Quant à la sanction, l’ONEm reconnaît qu’un avertissement aurait pu suffire.

La position de la Cour

La Cour du travail commence par rappeler les règles en matière de charge et de répartition de la preuve : dès lors qu’il est établi que le chômeur vit sous le même toit d’une ou plusieurs autres personnes, c’est à lui qu’il appartient d’établir qu’il ne règle pas en commun les principales questions ménagères.

Sur le fond, la Cour estime que l’intéressée ne peut se limiter à invoquer le caractère incomplet de l’enquête de l’ONEm, enquête qui lui aurait éventuellement permis d’établir qu’elle ne réglait pas avec ses colocataires les principales questions ménagères. La Cour rappelle en effet que c’est elle qui supporte la charge et l’administration de la preuve à cet égard. Le seul élément à charge de l’ONEm est l’établissement de la preuve de la vie sous le même toit, ses obligations s’arrêtant là.

En l’espèce, la Cour constate que l’intéressée ne dépose aucun élément permettant d’apprécier cette question, ni d’ailleurs un descriptif des modalités de vie de chacun des colocataires, voire même des attestations de ceux-ci.

Par contre, la Cour relève qu’il est établi par les éléments du dossier qu’il y partage du loyer et des différents frais locatifs (eau, électricité, chauffage, entretien). Elle en conclut que les colocataires réglaient bien principalement en commun ’une grande partie’ des questions ménagères.

Sur ces bases, la Cour estime qu’il y a lieu de maintenir la décision administrative en ce qu’elle considère l’intéressée comme cohabitante et non comme isolée.

Quant à la sanction, la Cour du travail considère qu’il n’y a pas lieu de la limiter à un avertissement dès lors qu’il n’y a pas de déclaration inexacte dans le chef de l’intéressée. La Cour retient que celle-ci a signalé vivre dans une maison communautaire et qu’en conséquence l’ONEm aurait dû octroyer le taux cohabitant immédiatement, et non le taux isolé, pour le récupérer quelques mois plus tard. La Cour annule dès lors purement et simplement la sanction mise à charge de l’intéressée, confirmant la décision pour le surplus.

Intérêt de la décision

Par cette décision, la Cour du travail confirme essentiellement les règles en matière de charge de la preuve et les applique au cas d’espèce.

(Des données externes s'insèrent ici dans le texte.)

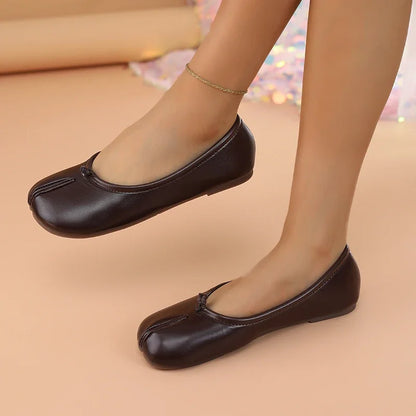 2026 New Women's Split-Toe Tabi Flats, Soft Leather Slip-On Ballet Shoes, Comfortable Casual Daily Wear Flat Shoes for Ladies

S’il relève que la mise en commun du loyer et des charges locatives constitue une grande partie des questions ménagères, l’arrêt laisse cependant la porte ouverte à l’établissement, par le chômeur, de la preuve de ce qu’il s’assume seul ces charges.

Il apparaît en effet, vu les conditions du marché locatif bruxellois, injuste de ne pas permettre à un chômeur qui vit effectivement seul de ne pas partager son habitat avec d’autres. Sous cet angle, le loyer et les charges locatives n’apparaissent que comme un poste des charges ménagères, de sorte qu’il appartiendrait au chômeur d’établir de manière précise qu’il assume seul sa nourriture, son habillement et toutes les dépenses qui sont liées aux questions ménagères au sens large.

Idéalement le chômeur devrait ainsi conserver les justificatifs des différents frais qu’il expose seul, de même que les frais que les autres colocataires exposent également seuls. A défaut, il risque de se voir opposer la mise en commun du loyer et des charges locatives et donc de se voir refuser le statut d’isolé.

Il est également intéressant de constater que dès lors que le chômeur a indiqué vivre dans une maison communautaire, il ne s’expose pas à une sanction pour déclaration inexacte, l’ONEm étant avisé de ce qu’il y a vie sous le même toit.